В том же 1871 г., на пасху, в Одессе произошел большой еврейский погром. Погром начался со столкновения между греками и евреями около церкви. В распрю вмешалась толпа громил и, хотя сначала казаки оттеснили ее, она растеклась по смежным улицам, вооружилась молотками, дубинами, ломами и принялась за еврейские дома. Погром продолжался свыше трех суток. Полиция бездействовала. Подростки, молодые парни врывались в дома, крушили мебель, выбрасывали из окон столы, стулья, пианино, подушки, вещи, бесчинствовали в синагогах. Человеческих жертв тогда, впрочем, еще не было. Власти, наконец, объявили, что войскам отдан приказ действовать "без послаблений", если погром будет продолжаться. На улицах появились усиленные наряды полиции и солдаты. Погромщиков ловили и публично секли на базарной площади. Погром прекратился. Пострадало от него 863 дома и 552 лавки.
Евреи, стиснутые чертой оседлости, вынуждены были заниматься мелкой и крупной торговлей. В Одессе была сильна прослойка еврейской буржуазии. Некоторые из революционно-настроенных людей относились сочувственно к погромам: в них видели стихийные попытки народных масс к восстаниям против угнетателей. Однако такие взгляды далеко не пользовались общим признанием. Чудновский рассказывает: - Насколько я негодовал на толпу за ее зверскую расправу с евреями, а еще более на тех, кто оправдывал эти безобразия "эксплуатацией", настолько же меня возмущали безобразные сцены огульного сечения народа - варварский произвол высшей администрации, подарившей России "сеченую Одессу". Желябов и большинство его кружка разделяли и мое негодование и мой общий взгляд на это трагическое событие: виновником его нельзя считать темную стихийную толпу громил или пресловутую "жидовскую эксплуатацию", а общее бесправное гражданское положение еврейского населения, составлявшее частный факт общерусского бесправия и являвшееся лишь на общем фоне бесправия линией наименьшего сопротивления, по которой направлялось общее недовольство существующим политическим и экономическим порядком вещей… Таким образом это печальное событие послужило более тесному сближению моему с кружком Желябова. ("Из дальних лет".)

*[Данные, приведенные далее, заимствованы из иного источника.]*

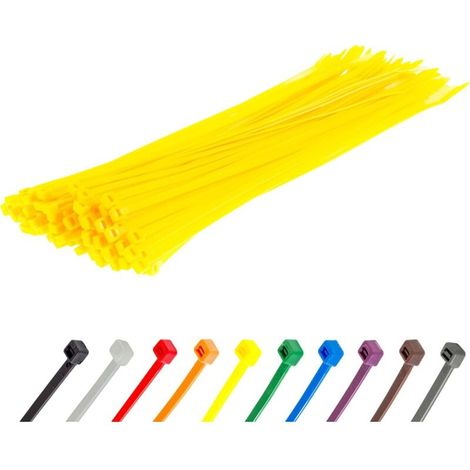 Packung mit 100 Kabelbindern, UV-beständiges Nylon, 300 mm x 4,8 mm, gelb, für Außenverkabelung und Heimwerkerprojekte (1/5)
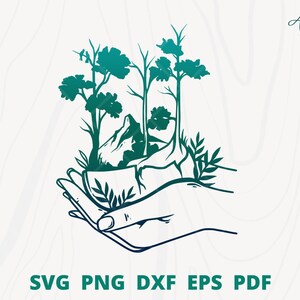 Hand holding forest svg, save forest svg, hand landscape svg, save forest wall decor, holding trees svg cut file, forest scene svg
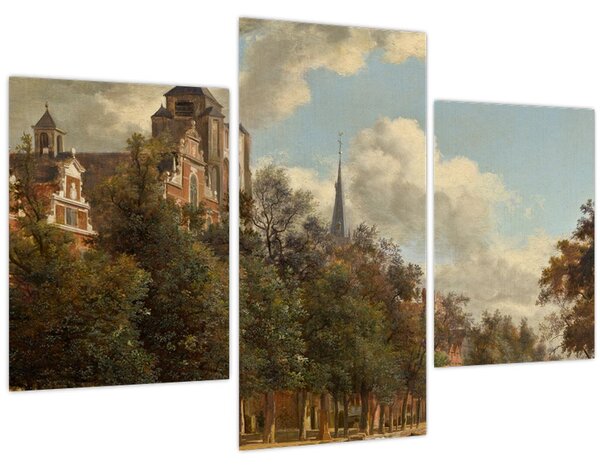 Obraz - Jan van der Heyden, View Down a Dutch Canal, reprodukcia (90x60 cm)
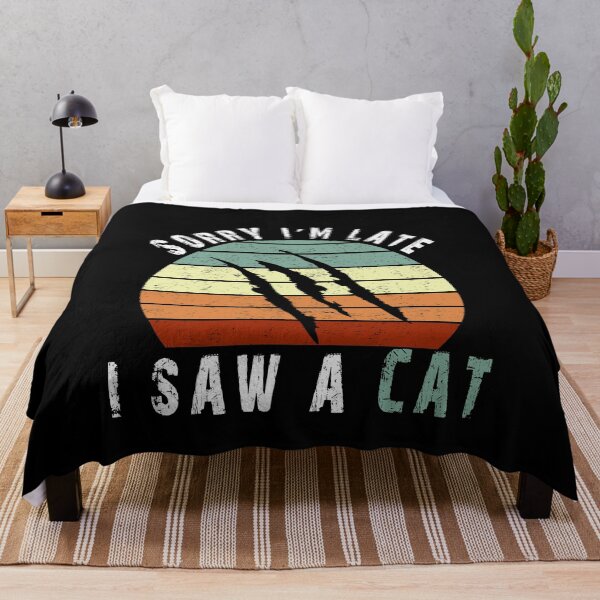 Item preview, Retro Vintage Lo siento, llego tarde vi un gato designed and sold by AnimaLovers.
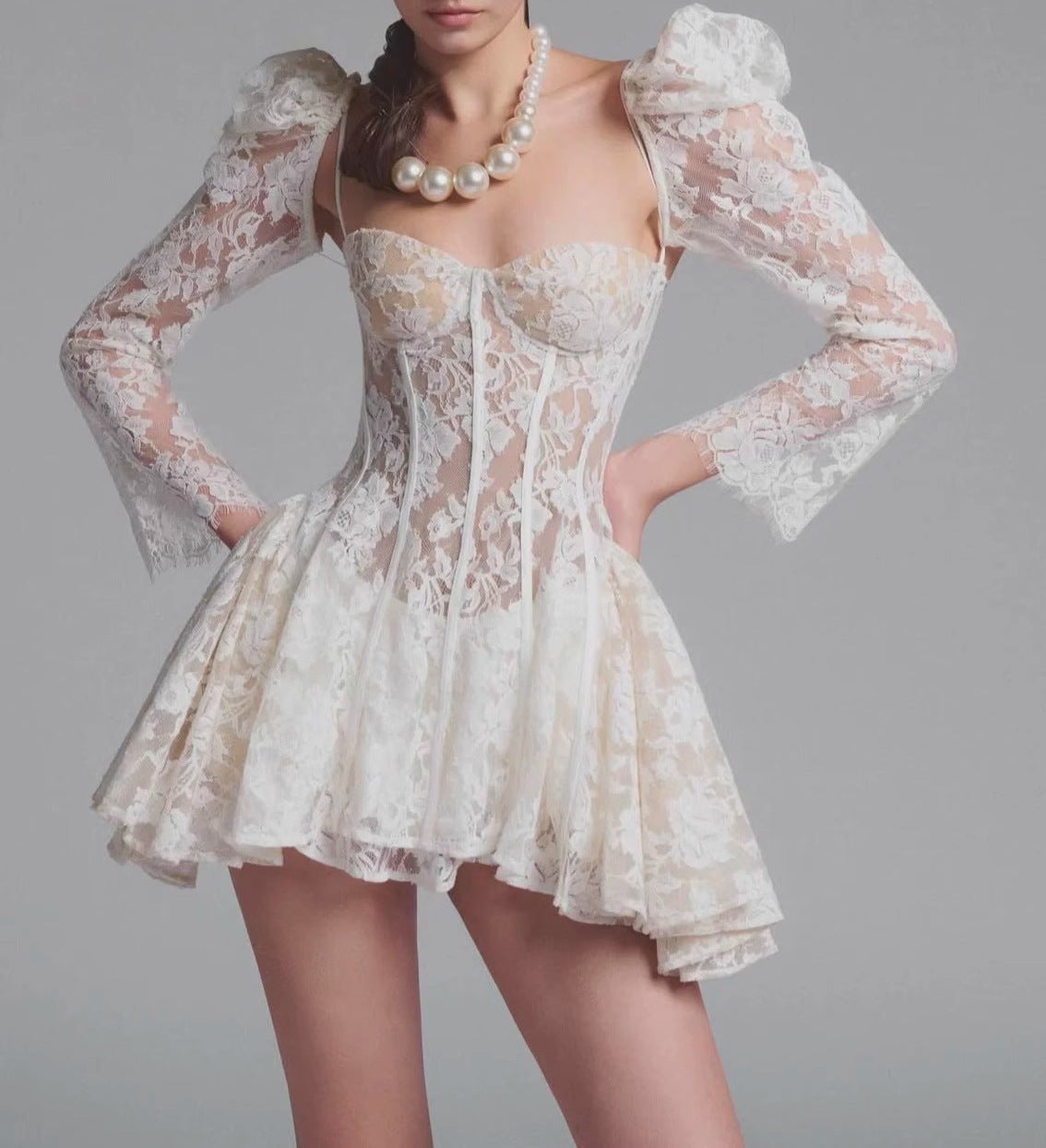 Fairy Sexy Wrapped Chest Flared Sleeve Dresses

Это утверждение Чудновского о решительном осуждении Желябовым еврейских погромов следует считать более достоверным, чем, заявление еврейского писателя Бен-Ами, будто Желябов относился к евреям с ненавистью и требовал даже "жестокостей" 1.
Из современников Желябова никто не отмечал в нем антисемитских настроений; наоборот, все, известное о Желябове, его знакомства, встречи, беседы, его деятельность, широта его взглядов свидетельствуют, что едва ли мог Андрей Иванович, хотя бы и в молодости, требовать "жестокостей" по отношению к евреям. Об этих требованиях Желябова Бен-Ами передает опять же со слов учителя Л. Смоленского,- украинофила.